**SUPPLIED INFORMATION:**
►

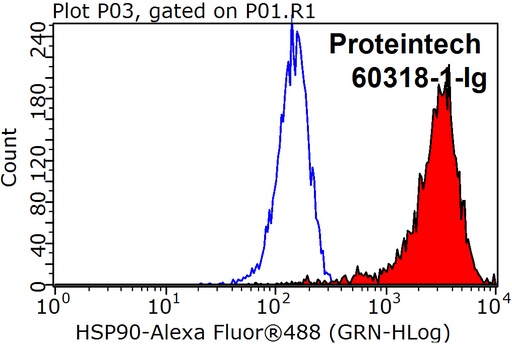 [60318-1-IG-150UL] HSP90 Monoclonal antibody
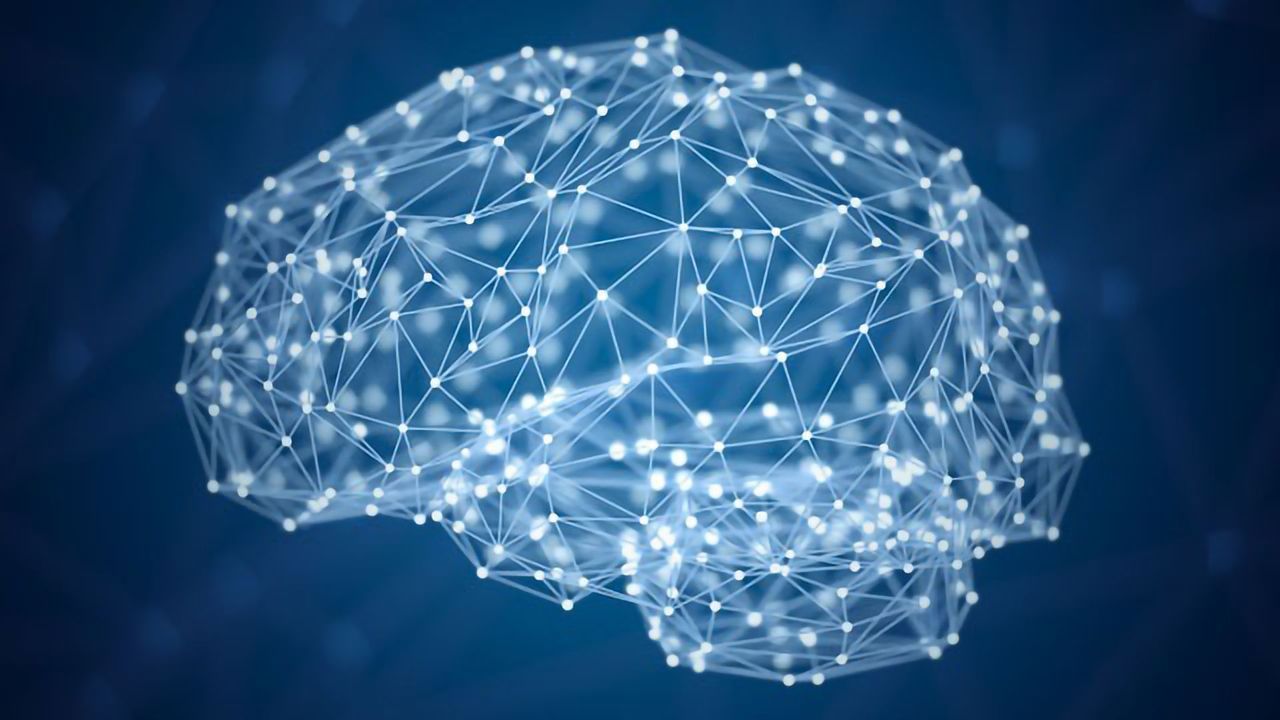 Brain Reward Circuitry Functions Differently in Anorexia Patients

◄
►

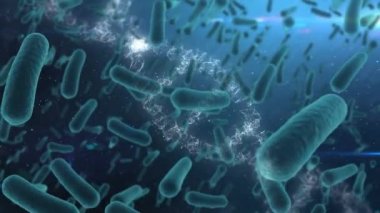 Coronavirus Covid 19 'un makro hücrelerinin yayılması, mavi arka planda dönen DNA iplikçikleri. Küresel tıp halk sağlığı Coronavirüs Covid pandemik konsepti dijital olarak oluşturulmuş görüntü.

◄
►

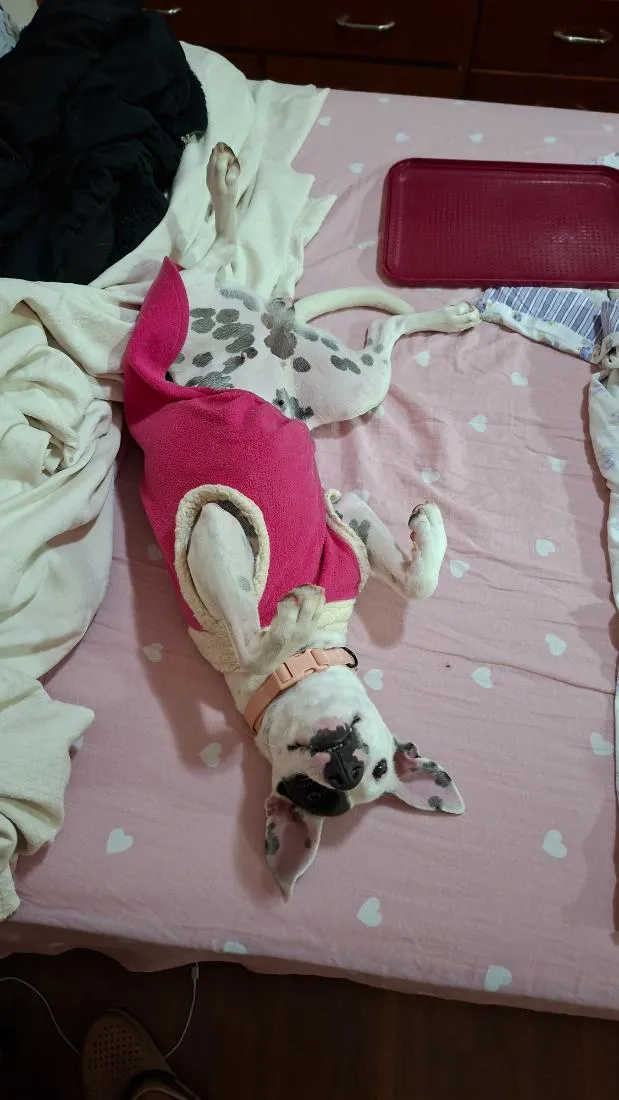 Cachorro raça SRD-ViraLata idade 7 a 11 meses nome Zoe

◄

Nothing but the lines from the one with "[60318-1-IG-150UL] HSP90 Monoclonal antibody" to the one with "Brain Reward Circuitry" above, both included, should be transcribed, exactly and without pictures.

 [60318-1-IG-150UL] HSP90 Monoclonal antibody
 Brain Reward Circuitry Functions Differently in Anorexia Patients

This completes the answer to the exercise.